▸ YOUR GOAL: Restate word for word the lines below from the one that has "LADA (VAZ) 2107, 1.6" through the one that has "Blue 2019 Toyota Corolla LE", keeping both and dropping all pictures.
[[ GIVEN RECORDS open ]]
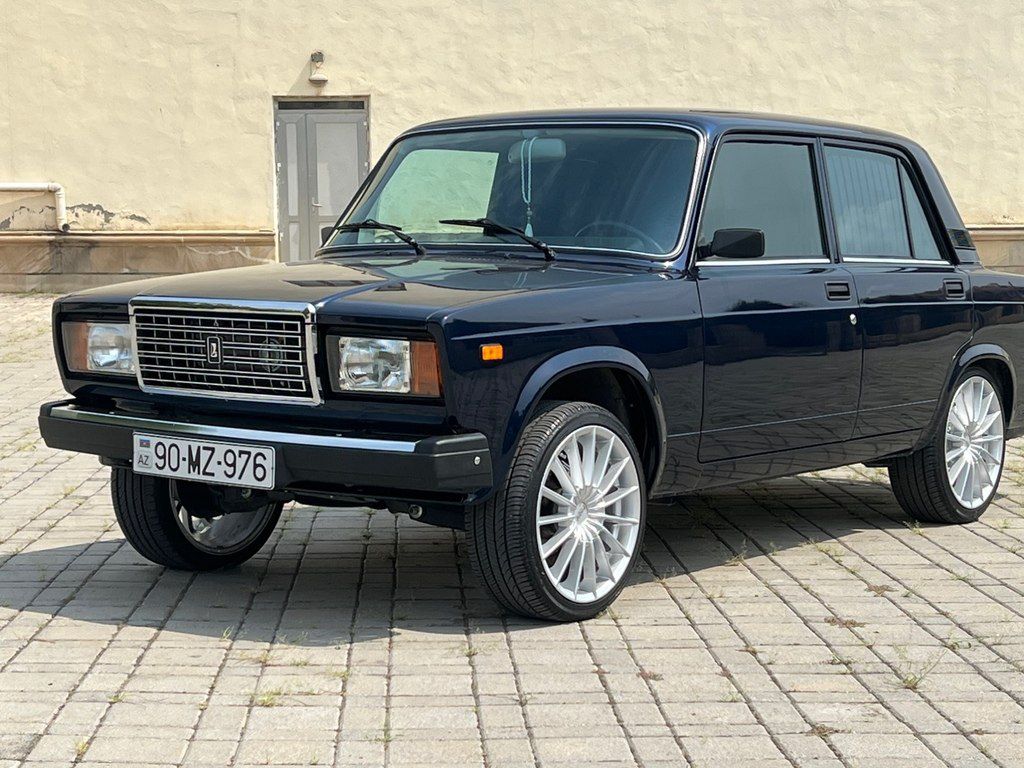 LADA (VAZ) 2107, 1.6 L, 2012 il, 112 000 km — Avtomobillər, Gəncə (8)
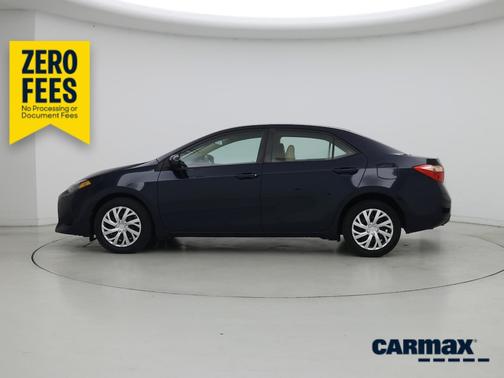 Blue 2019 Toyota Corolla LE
[[ GIVEN RECORDS closed ]]
[[ GIVEN RECORDS open ]]
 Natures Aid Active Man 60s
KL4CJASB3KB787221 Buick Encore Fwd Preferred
[[ GIVEN RECORDS closed ]]
▸ OUTPUT FOR THIS EXERCISE:
 LADA (VAZ) 2107, 1.6 L, 2012 il, 112 000 km — Avtomobillər, Gəncə (8)
 Blue 2019 Toyota Corolla LE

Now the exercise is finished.